Exercise 1: LSTM Digital Twin

Develop a model of the dynamic temperature response of the TCLab and compare the LSTM model prediction to a second-order linear differential equation solution. Use the 4 hours of dynamic data from a TCLab (14400 data points = 1 second sample rate for 4 hours) for training and generate new data (840 data points = 1 second sample rate for 14 min) for validation (see sample validation data).

# generate new data
import numpy as np
import matplotlib.pyplot as plt
import pandas as pd
import tclab
import time

n = 840  # Number of second time points (14 min)
tm = np.linspace(0,n,n+1) # Time values
lab = tclab.TCLab()
T1 = [lab.T1]
T2 = [lab.T2]
Q1 = np.zeros(n+1)
Q2 = np.zeros(n+1)
Q1[30:] = 35.0
Q1[270:] = 70.0
Q1[450:] = 10.0
Q1[630:] = 60.0
Q1[800:] = 0.0
for i in range(n):
    lab.Q1(Q1[i])
    lab.Q2(Q2[i])
    time.sleep(1)
    print(Q1[i],lab.T1)
    T1.append(lab.T1)
    T2.append(lab.T2)
lab.close()
# Save data file
data = np.vstack((tm,Q1,Q2,T1,T2)).T
np.savetxt('tclab_data.csv',data,delimiter=',',\
           header='Time,Q1,Q2,T1,T2',comments='')

# Create Figure
plt.figure(figsize=(10,7))
ax = plt.subplot(2,1,1)
ax.grid()
plt.plot(tm/60.0,T1,'r.',label=r'$T_1$')
plt.ylabel(r'Temp ($^oC$)')
ax = plt.subplot(2,1,2)
ax.grid()
plt.plot(tm/60.0,Q1,'b-',label=r'$Q_1$')
plt.ylabel(r'Heater (%)')
plt.xlabel('Time (min)')
plt.legend()
plt.savefig('tclab_data.png')
plt.show()

Use the measured temperature and heater values to predict the next temperature value with an LSTM model. Validate the model with a new data set in a predictive and forecast mode. The predictive mode predicts one step ahead while the forecast does not use temperature measurements to generate the predictions.

Solution with LSTM Model

The LSTM model is trained with the TCLab 4 hours data set for 10 epochs. The loss function decreases for the first few epochs and then does not significantly change after that.

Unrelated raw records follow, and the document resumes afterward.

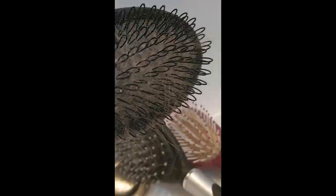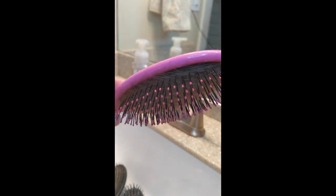Laundry stripping for hairbrushes. Have you ever cleaned your hairbrushes? I'm not talking about removing the hair — we all know to do that. You're supposed to clean your brushes at least once every two weeks.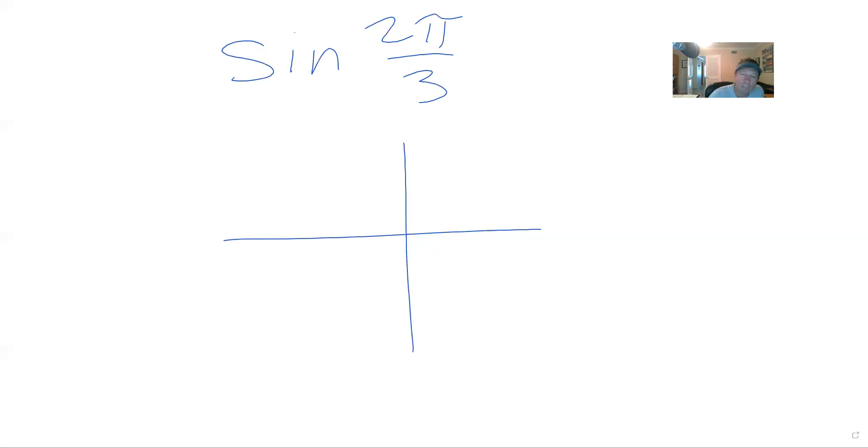Next one is the sine of 2pi over 3. The denominator of three means a 60 degree reference angle. 60 times 2 (the numerator) is 120. So this is 120 degrees — a 60 degree reference angle to 180, in the second quadrant. The sine is the y, and the y is positive in the second quadrant. The y is long — that's radical 3 over 2 — and it's positive. Done.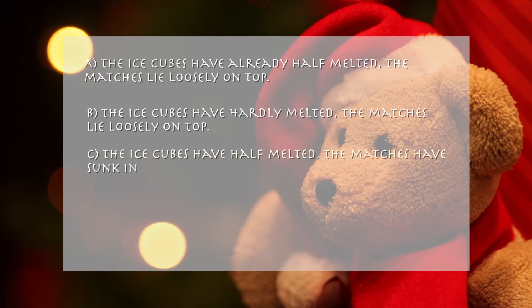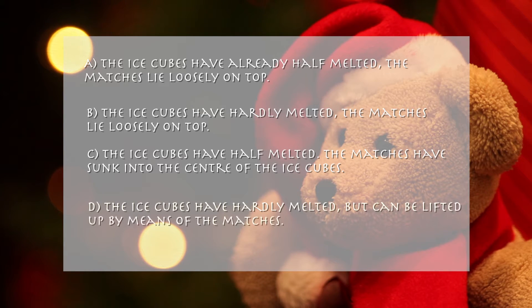C. The ice cubes have half melted. The matches have sunk into the centre of the ice cubes. D. The ice cubes have hardly melted, but can be lifted up by means of the matches.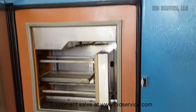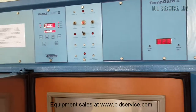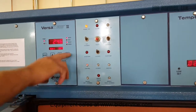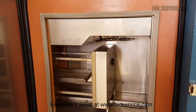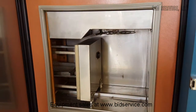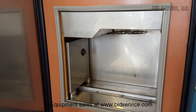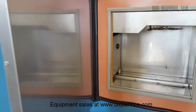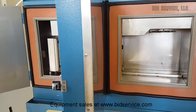I'll show you the transfer system in manual mode. Now what we'll do is we'll turn it on and let it get to operating temperatures and we'll be back.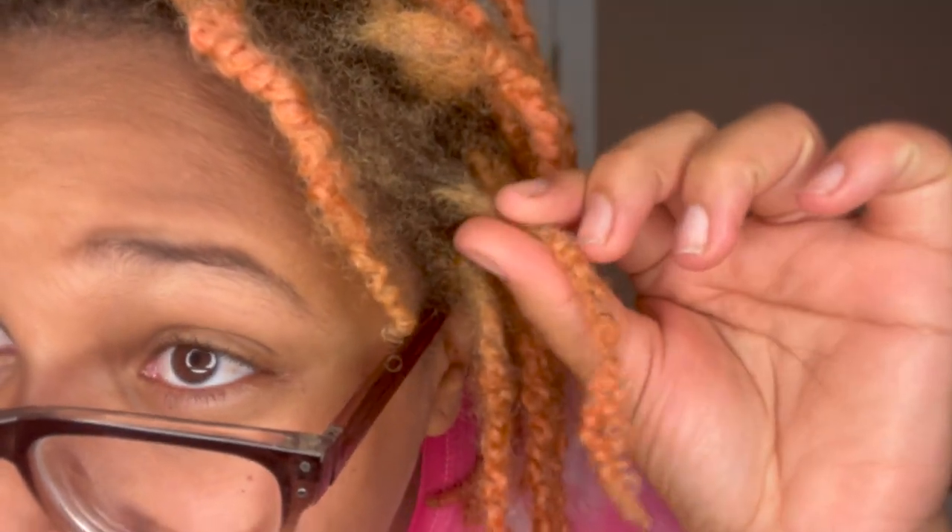My last retwist I was doing all sorts of directions, but this time I'm going to do them all clockwise because I believe that's how I started my hair. The directions also say: use a clip to hold the section in place, continue until complete, then sit under the dryer until hair is dry, and use the Taliyah Wajah strengthener on your scalp. Something different I'm going to do this retwist is actually sit under the dryer to make sure my hair is locking and dries completely — because my hair is thick and my locks are thick.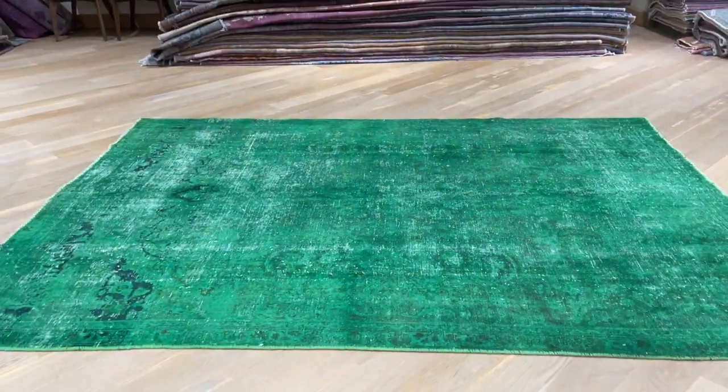If you have any questions about this carpet or any other carpet in our collection, feel free to contact us and we'll be happy to assist you further.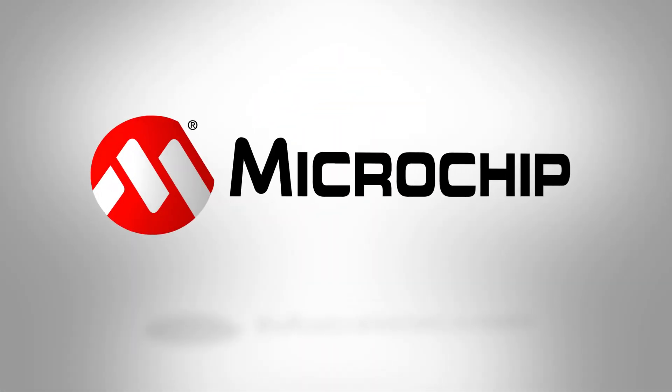It can also be designed into products that are IP68 rated. To learn more about SAM L10 L11's Enhanced Peripheral Touch Controller, please visit microchip.com/SAML11.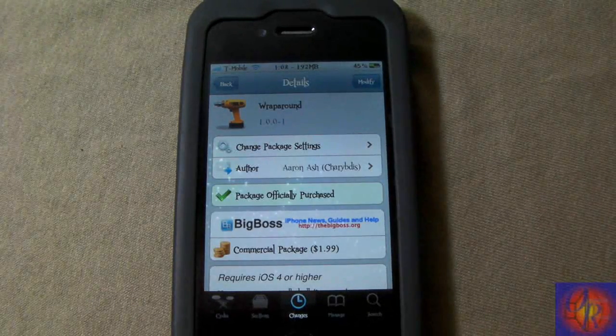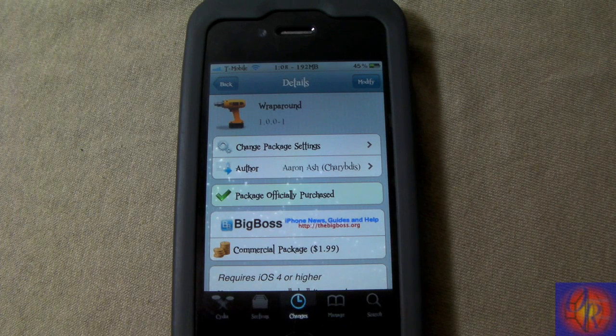Hey YouTube, opinionated reviewer here — no I don't sleep, I'm back again just keeping you guys updated. This one is called Wraparound, it's a Cydia tweak by Aaron Ash, it's $1.99 and it comes straight out of the Big Boss repo.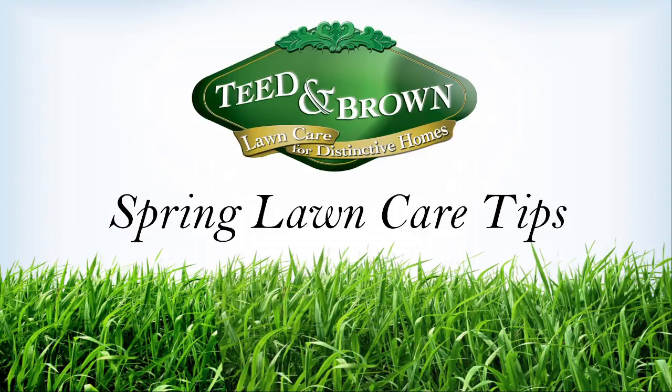It's Chris from Tietam Brown with your spring lawn care tip. Are you noticing brown spots on your lawn? Look closely and you may notice reddish threads on the grass. This is a fungus called red thread that attacks the lawn during cool, wet weather.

The model predictions have good agreement with the measurements. The next steps are to perform validation to determine the predictive capability of the model on a different data set.

The validation shows the performance on data that was not used in the training. In this case, a separate data file is generated versus splitting the training and test data.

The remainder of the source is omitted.